Most every house features lit candles either hanging or placed on long boat-shaped arrangements. It can be a magical experience riding through the dark alleys of Laos lit only by hundreds of candles.
Offerings are given to the Naga in the form of khatung, beautiful arrangements of candles placed in folded bamboo leaves and flowers, either made or bought from one of the many vendors at the roadside on the day of the celebration. Khatung are launched from numerous spots along the rivers, the downtown Vientiane waterfront being the most popular. This is also the time Vientiane gets a little crazy boat races and other festivities; what appears to be nearly the entire population of Laos gathers at the waterfront to mingle among the various booths and bask in the mayhem.
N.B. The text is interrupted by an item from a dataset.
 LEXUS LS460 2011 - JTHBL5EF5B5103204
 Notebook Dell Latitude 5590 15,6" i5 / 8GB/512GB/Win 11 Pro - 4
Certain places at this time experience bang fai phaya nak, “naga fireballs”, where great balls of fire shoot out of the river high into the sky. Some scientists say this phenomenon is from naturally occurring methane bubbling out of the riverbed which spontaneously combusts upon reaching the surface of the water. The Lao say they’re from the Naga inhabiting the river. Naga fireballs occur mostly in the Lao village Ban Hai, a small town on Route 13 South, near the entrance to Phu Khao Kwai national forest and in Nong Khai, Thailand.
For those with a motorbike and a desire for a smaller scale of celebration, seeking out one of Laos’ many riverside temples is a great way to experience Loy Khatung.
In villages everyone will gather around 19:30 to send their candles into the river, while monks chant in the background. Ban Kheun, two hours outside of Vientiane and home of the Lao Zoo, is one such spot. Another option is to take Tha Deua Road 20 minutes out of Vientiane until you reach the so-called clocktower roundabout, which doesn’t have a clocktower but is undoubtedly a roundabout. Turn down the small dirt road on your immediate right and continue all the way to the river, where you’ll find many temples lining its bank. Be prepared for no one speaking any English; but the Lao have a way of overcoming language barriers with smiles and a neverending desire for everyone to enjoy themselves.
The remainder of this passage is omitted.